The Creepy, Creepy Future of Marketing: "FREE Implant surgery with purchase!"

The iphone is being advertised an awful lot.

I don't own a cellphone because I don't like them. The iphone freaks me out.

My stance on cell phones is this: you pay money so that you have no solitude. You're never alone when you have a cell phone, which I'm sure is a comfort to some but not to me, since I don't substitute comm-tech for actual human interaction.

Cybernetics, as you can guess from previous posts, freak me out. The concept freaks me out. I'm not entirely comfortable relying on a car for transport, but I deal with it.

The iphone, by design, appears to demand human manipulation to a greater extent than any other device of its kind.

Now, I made a post before about the marketing of products and how most advertising's only real point is to make want things you don't need.

As electronics become more and more personalized to their user, and these devices become more and more complex (the iphone knows how you are holding it) how long do you think it's really going to be before people are comfortable with implanted devices and when that market is in infancy, how soon do you think people will be willing to produce product for that market?

Cell phones embedded in ear drums with key pads woven and tattooed into the back of your hand.

Cameras and lasers that display the time, date and temperature in the lower left of your field vision.

Extra sensitive nerve endings and tiny pressure valves embedded in genitals for enhanced sexual pleasure and performance.

In one way it's very possible that such body modification may obliterate out-moded concepts of gender; but in another more precise way it might make being human obsolete.

Naturally, these sound like ravings but let's look again at advertising.

"You need our product to he happy in life, you need our product to be masculine/feminine, you need our product to be cool."

It's well within the realm of possibility that eventually those products will actually alter the physical properties of the consumer.

This isn't as outlandish as it sounds and here's why: cars.

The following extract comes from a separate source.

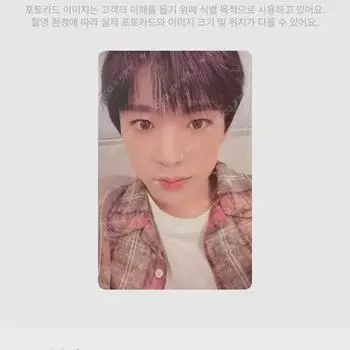 Nct Wish Yuushi Kms Photocard Photo Card Shion Riku Jae-hee-ryosakuya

In order to drive a car you must learn how. Now, learning in general doesn't make you great driver. A great driver drives a lot. There's a whole skill set there that didn't exist in the general population 100 years ago. Now, consider how much driving alters your way of perceiving the world. Now instead of thinking in footsteps, you think in miles. You consider gas mileage and acceleration at the very least. There's a new wrinkle in your brain for driving things.

We already have artificial hearts and robotic limbs hooked directly to the human nervous system. These were added on so the recipients could lead a normal life.

How long before leading a normal life means getting your body altered by science?